Saturday, June 15, 2013
MOVIE REVIEW: MAN OF STEEL
Superman flies back onto the big screen in this Warner Bros./Legendary Pictures production directed by Zack Snyder (Watchmen), produced by Christopher Nolan (The Dark Knight), and featuring a screenplay by David Goyer (Blade, The Dark Knight). Academy Award-nominated actor Michael Shannon (Revolutionary Road, Boardwalk Empire) co-stars as General Zod and Laurence Fishburne steps into the role of "Daily Planet" editor-in-chief Perry White. Russell Crowe and Christopher Meloni co-star. ~ Jason Buchanan, Rovi
Director: Zack Snyder
Cast: Henry Cavill, Amy Adams, Michael Shannon, Diane Lane, Russell Crowe.

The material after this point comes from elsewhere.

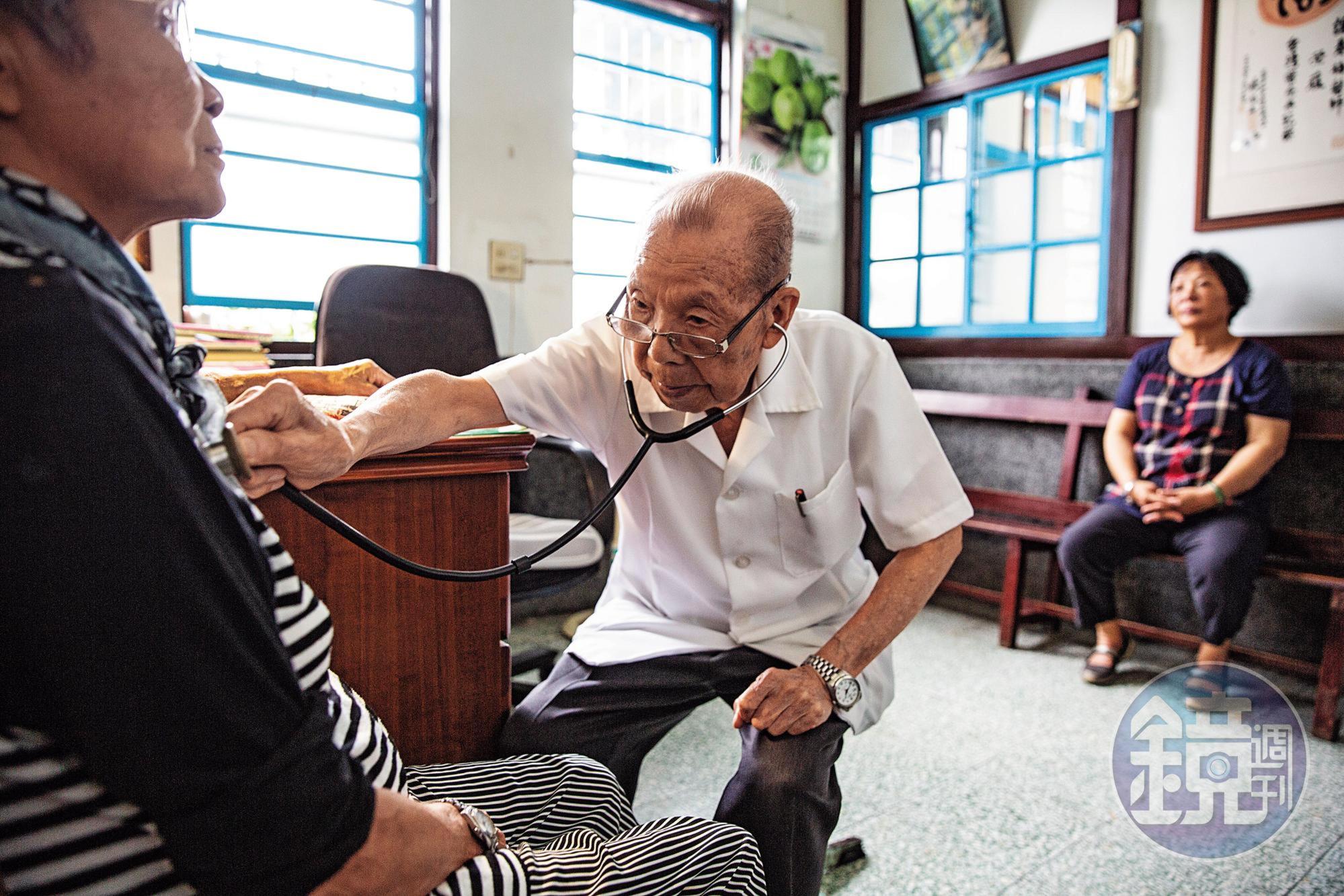 Patients continue to visit her old clinic. The person on the right waiting for treatment is Zhou Yue-lan, who was once close to death due to a difficult birth.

Release Date: Jun 14, 2013
Rated PG-13 for intense sequences of sci-fi violence, action and destruction, and for some language
Runtime: 2 hr. 23 min.
Genres: Action/Adventure, Drama, Sci-Fi/Fantasy
The Man of Steel delivers a newer slightly edgier more conflicted version of the granddaddy of all superheros. Its first act is a bit of a slog simply because there’s a lot to cover, mostly on Krypton. Once the set up is out of the way Snyder lets his film breathe a little even though there’s still an oppressive aura about it. It attempts to give Superman a slightly more interesting slant and it works to a certain extent. Henry Cavill and his lantern jaw look good in the Superman suit and cape. He carried a concerned look on his face even when he’s smiling. Cavill has a quiet strength about himself which works well for the character even if though he and Amy Adams have zero chemistry together. Michael Shannon meanwhile is limited by a surprisingly underwritten take of General Zod. Shannon maintains a crazed look throughout but isn’t given a meaty enough script to work with. Russell Crowe fairs better as Superman’s father Jor-El. Crowe is reserved but paternal. As mentioned previously, The Man of Steel’s first act is rather slow and reserved for a Snyder film but once the action starts it does stop, so much so that it almost beats you into the ground with the sheer amount of destruction being flung around. It’s all visually striking which shouldn’t come as a surprise but it’s also emotionally distant. The film never connects the way it should; instead it keeps the audience at arms length. A few scant moments of levity here and there but otherwise it’s all serious superhero business.